Murray: “Financial security is about planning for the long term, and the Trump Administration’s requirement that people doing that ignore environmental, social, and governance criteria made about as much sense as telling someone planning a trip they can’t look at a map.”
(Washington, D.C.) – Today, Senator Patty Murray (D-WA), Chair of the Senate Health, Education, Labor, and Pensions (HELP) Committee, released the following statement on Department of Labor’s announcement that it would not enforce recent rules from the Trump Administration restricting the use of environmental, social, and governance (ESG) criteria in investment decisions for ERISA plans or making it harder for ERISA plans to exercise shareholder rights through voting proxies.

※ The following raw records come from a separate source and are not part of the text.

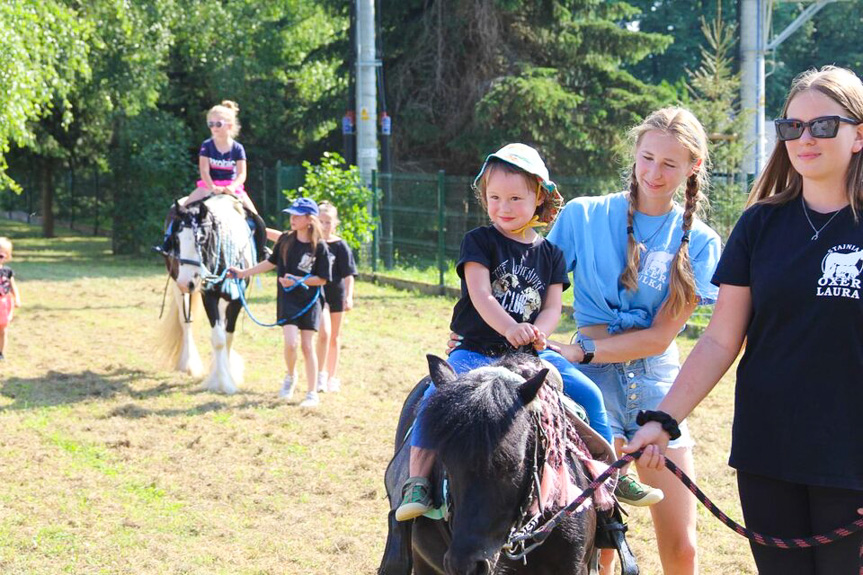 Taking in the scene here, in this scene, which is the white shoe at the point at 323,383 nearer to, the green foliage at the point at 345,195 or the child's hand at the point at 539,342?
the child's hand at the point at 539,342

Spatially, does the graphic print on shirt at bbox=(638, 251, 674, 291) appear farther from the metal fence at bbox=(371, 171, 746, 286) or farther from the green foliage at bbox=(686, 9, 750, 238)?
the metal fence at bbox=(371, 171, 746, 286)

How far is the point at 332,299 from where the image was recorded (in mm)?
9625

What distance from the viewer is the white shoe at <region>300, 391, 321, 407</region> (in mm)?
8938

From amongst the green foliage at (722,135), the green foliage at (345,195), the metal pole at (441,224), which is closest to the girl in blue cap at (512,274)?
the green foliage at (722,135)

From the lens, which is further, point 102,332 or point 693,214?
point 102,332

“This step is a win for workers, retirees, investors, businesses, communities, the environment—everyone. Stopping these rules ensures people investing in their futures are able to make sound decisions to build their financial security while also helping to build a world that is more just, diverse, and sustainable. Financial security is about planning for the long term, and the Trump Administration’s requirement that people doing that ignore environmental, social, and governance criteria made about as much sense as telling someone planning a trip they can’t look at a map.”
Senator Murray was a harsh critic of the Trump Administration rule restricting ESG investing in ERISA plans. She wrote several letters discussing how the move was at odds not only with efforts across the country to promote diversity and racial equity, and to be more sustainable—but also at odds with what’s best for workers and retirees given evidence that ESG investments provide comparable returns and potentially lower risk to traditional funds, but actually have outperformed such traditional investments in the past several years. Senator Murray also led a letter criticizing the Trump Administration’s proxy voting proposal.